I don't intend to sound like a jerk but stop looking at freshwater rods. And i'm assuming you are up north somewhere inland, your not going to see saltwater stuff in that area. My heaver is rated for 8 to 20 oz. Had it made in the OBX. Where i'm at you can't even think about getting off the shelf rated much more than 1 to 2 oz. Everything i get for the salt either is bought when i am there or ordered online. Spent my whole life fishing freshwater and got hooked on salt about 4 or 5 years ago. It takes a lot of learning to make the switch. Also i have a rod meant for musky fishing rated for 1 to 4 and i was casting 4 oz bucktails for cobia and broke the tip off.
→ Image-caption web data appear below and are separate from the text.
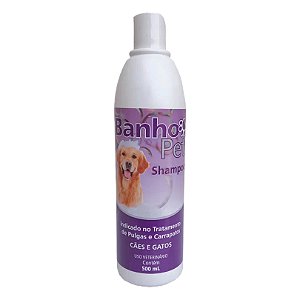 Shampoo Banho Pet 500 mL - Syntec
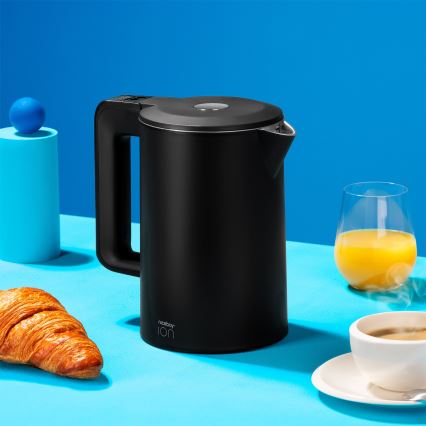 Niceboy ION SmartKettle - Chaleira inteligente com termorregulação 1,7 l 2200W/230V Wi-Fi preto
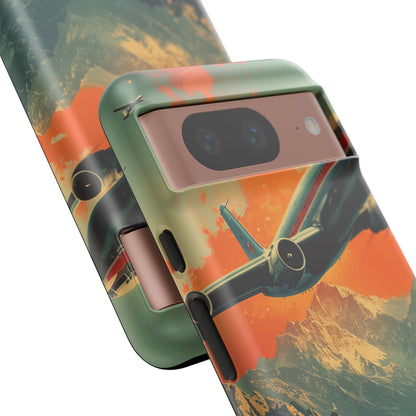 Vintage Skyward Adventure Google Pixel 8 - Tough Phone Case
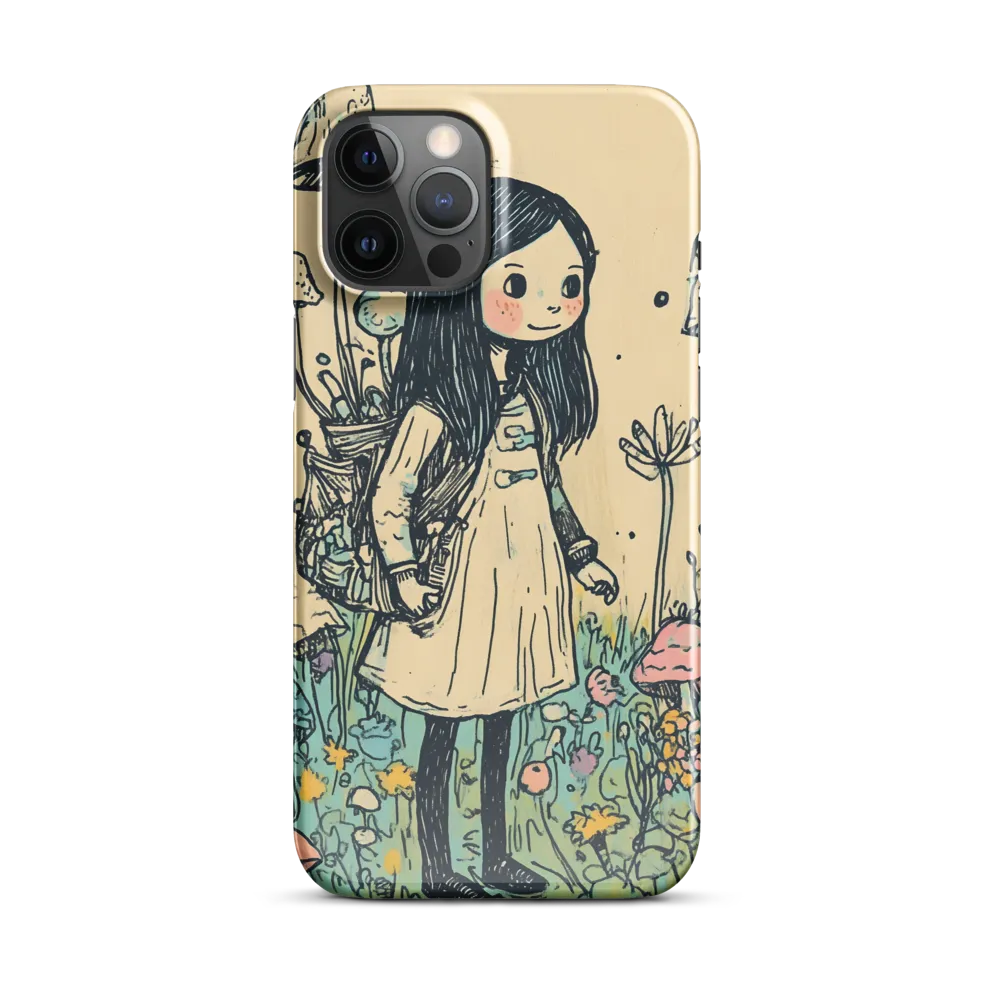 A Whimsical Journey Through a Colorful Meadow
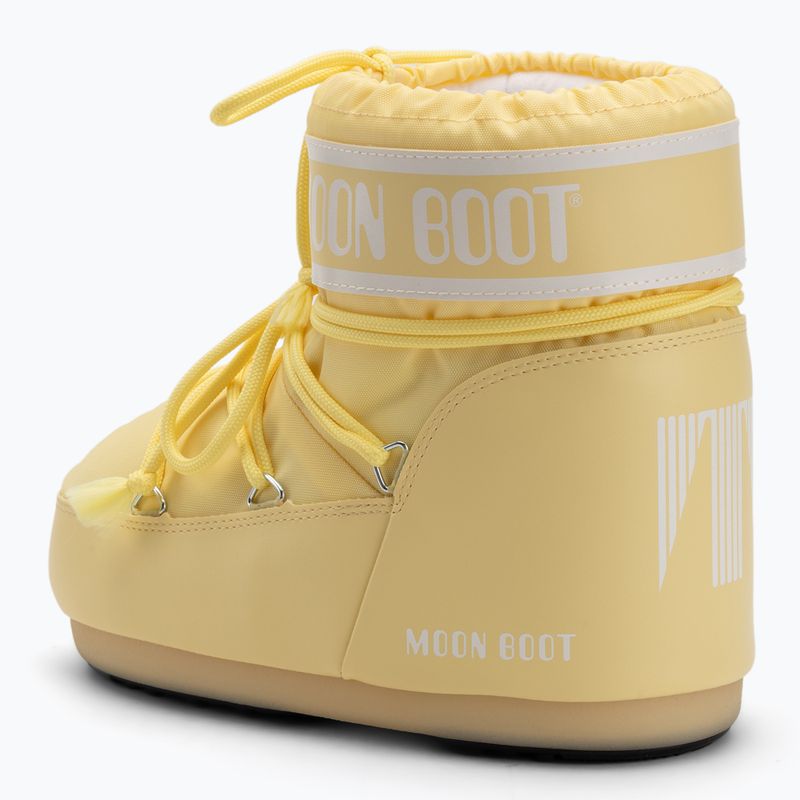 Moteriški sniego batai Moon Boot Icon Low Nylon light yellow 3
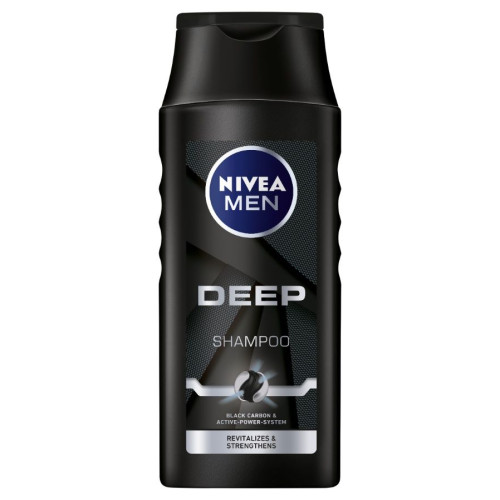 Nivea Men Deep Ревитализиращ шампоан за мъже 400 мл
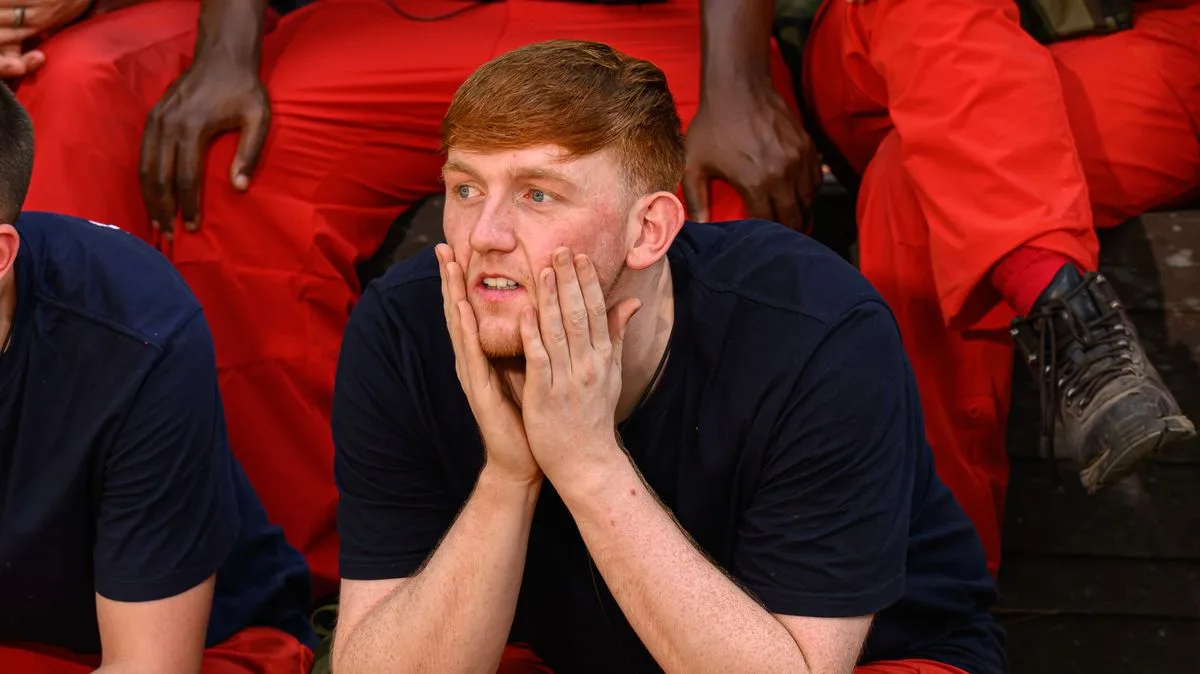 I'm A Celeb's Angry Ginge 'Struggling' as Fans Say 'Mask Has Slipped'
I was with in the range but i don't think it like the way i was fishing it.


----------



## Jwalker (Jan 18, 2014)

Where are you fishing? What are you targeting?


----------



## Jollymon (May 21, 2015)

Jwalker said:


> I don't intend to sound like a jerk but stop looking at freshwater rods. And i'm assuming you are up north somewhere inland, your not going to see saltwater stuff in that area. My heaver is rated for 8 to 20 oz. Had it made in the OBX. Where i'm at you can't even think about getting off the shelf rated much more than 1 to 2 oz. Everything i get for the salt either is bought when i am there or ordered online. Spent my whole life fishing freshwater and got hooked on salt about 4 or 5 years ago. It takes a lot of learning to make the switch. Also i have a rod meant for musky fishing rated for 1 to 4 and i was casting 4 oz bucktails for cobia and broke the tip off. I was with in the range but i don't think it like the way i was fishing it.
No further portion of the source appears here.